In Under the Ivy: The Story of Kate Bush, Graeme Thomson states that Bush simply wrote and recorded when she felt like it and when it was convenient for her. The birth of her son Bertie in July 1998 slowed down the process considerably, and she recorded in short bursts. It was around 2003 that progress on the album sped up considerably, and finally 'Aerial' was released in November 2005, a dozen years after its predecessor.

It is far more focused, cohesive, and light than 'The Red Shoes.' Bush rediscovered the power of space in her music, and doesn't overload the songs with unnecessary detail. Its closest cousin from her own work is Hounds of Love, especially when you consider it's a similarly conceptual work, but on a bigger scale.

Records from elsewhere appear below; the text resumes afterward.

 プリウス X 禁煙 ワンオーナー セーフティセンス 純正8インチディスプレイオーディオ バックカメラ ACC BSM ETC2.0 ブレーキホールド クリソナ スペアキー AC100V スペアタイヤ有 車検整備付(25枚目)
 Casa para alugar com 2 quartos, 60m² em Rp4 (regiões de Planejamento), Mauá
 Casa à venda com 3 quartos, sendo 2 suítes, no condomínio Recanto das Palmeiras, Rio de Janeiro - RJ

This time, it's two discs as opposed to two sides, with the first disc comprising seemingly unrelated songs, subtitled 'A Sea of Honey,' and the second disc, 'A Sky of Honey,' a 42-minute suite of music tracking a day from afternoon to the following dawn, in the manner of the conceptual suite 'The Ninth Wave.'

The difference is that the pace is slower and more reflective. It's an elegant, refined, mature work. Musically it boasts some interesting, subtle new changes. "King of the Mountain," conceived as far back as 1996, is a tale of isolation brought on by fame set to a soft reggae beat; "Pi" is a strange and vaguely prog-rock list of numbers, and "How To Be Invisible" is ghostly, spooky witch-rock. 'A Sea of Honey' also includes two piano ballads. "Mrs. Bartolozzi" is one of Bush's creepiest, most enigmatic, and most intense songs, a bare voice and piano paean, often misread as a quirky ode to a washing machine. Instead, it explores loss, regret, and love in a typically oblique but unique way. "A Coral Room," meanwhile, is a ballad as fragile and delicate as porcelain, personal and moving. Bush's vocals on both these songs are not flawless, only adding to their sense of raw power.

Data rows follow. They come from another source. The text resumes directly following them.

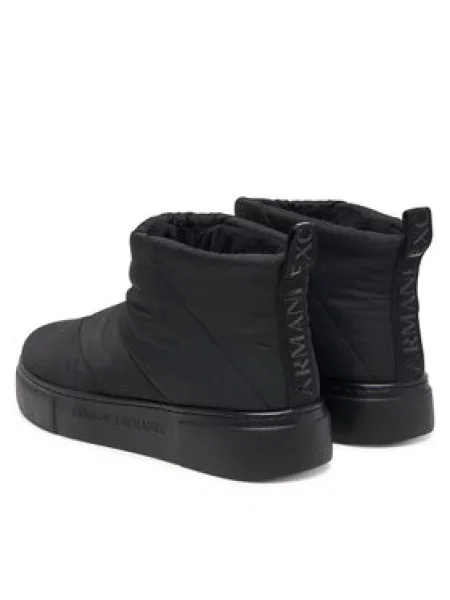 Sniego batai Armani Exchange juoda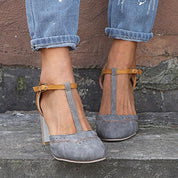 Catalina Vossberg | Two-Tone Orthopedic Block Heel Pumps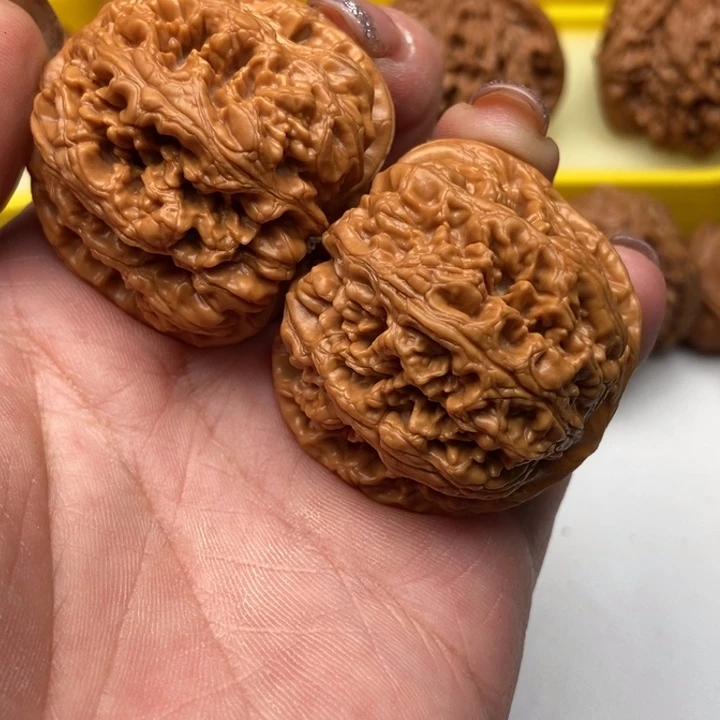 晃****?平谷粗筋狮子头文玩核桃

'A Sky of Honey' is a joy to listen to. The recurrent motif is birdsong, and when Bush sings along on "Aerial Tal," the effect is surprisingly haunting and beautiful. "Prologue" is an elegant fusion of her romantic piano balladry with a classical leaning, while "An Architect's Dream" is as sensual as her finest work. It really hits the spot though on "Sunset," which develops from a vaguely forlorn jazz trio sound into a joyful flamenco breakdown. "Nocturn" and "Aerial" similarly build from hushed openings into dramatic, layered climaxes. It's a bewitching forty minutes, and Bush pulls off the concept with panache.

'Aerial' is a magnificent work from one of our key creative artists. Most artists would be fortunate to have crafted one masterpiece in a career, but Bush has made three, with 'Aerial' joining the lofty ranks of The Dreaming and 'Hounds of Love.' It's an astonishing work of depth and richness, but owing to its largely slow place, it will require repeated listening.